Y kuşağı: 1980’ den 1990’ların sonlarında doğan kişileri kapsar. Milenyum olarak da bilinirler. Y kuşağı kendi döneminde yeni teknoloji ile uyumludur. Yaratıcılık, özgürlüğe düşkünlük, bireycilik gibi kavramlar ilk bu nesilde ortaya çıkar. Yenilikçi olmaktan ve fark yaratmaktan hoşlanırlar.

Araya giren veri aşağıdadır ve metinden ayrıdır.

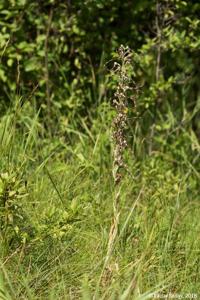 Himantoglossum adriaticum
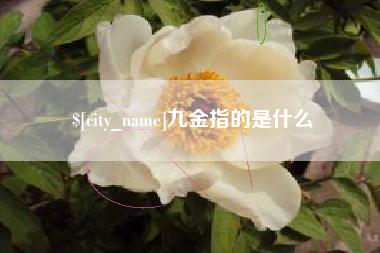 郑州九金指的是什么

Z kuşağı: 1990’ların sonu ile 2015’e kadar olan kişileri kapsar. Bu nesil internetin içine doğduğundan teknolojiye oldukça hakimdir. Bilgiye erişimi hızlıdır. Bireyselci bakış açısı bu kuşakta çok yoğun olmakla birlikte sorgulayıcı bakış açısına da sahiptirler.
Her bir kuşağın kendine ait iletişim tarzları vardır. X kuşağının yüz yüze ve resmi olan bir iletişim tarzı vardır. Otoriteye saygı önemli olduğundan iletişimde de hiyerarşiye önem verirler. Y kuşağı iletişimde oldukça rahat ve samimi bir dil kullanmayı benimsemiştir. Bunun yanında iletişim için teknolojik araçları da kullanırlar. Görsel materyaller kullanmayı severler ve oldukça özgüvenlidirler. Z kuşağı ise uzun cümlelerden kaçınır daha kısa cümlelerle iletişime geçer. Resmi dil kullanımını tercih etmezler ve iletişim için sıklıkla teknolojik araçları kullanırlar. Diğer kuşaklara göre daha az empati kurduğu görülmektedir. 
Kuşaklar arasındaki iletişim sorunlarının temel sebebi daha önce de belirttiğim üzere farklı ve yaşam tarzlarının olmasıdır. En başta teknolojiyi ele alabiliriz. Z kuşağı teknolojiyi hayatının neredeyse her alanında kullanırken, x kuşağı teknolojiyi sadece ihtiyacı kadar kullanır. Bunu örneklendirebiliriz. Örneklerde çatışmanın daha iyi anlaşılması için özellikle x ve z kuşağını göreceğiz. Çünkü y kuşağı aslında çatışmanın yoğun olduğu bu iki kuşağın arasındaki geçiş kuşağıdır. 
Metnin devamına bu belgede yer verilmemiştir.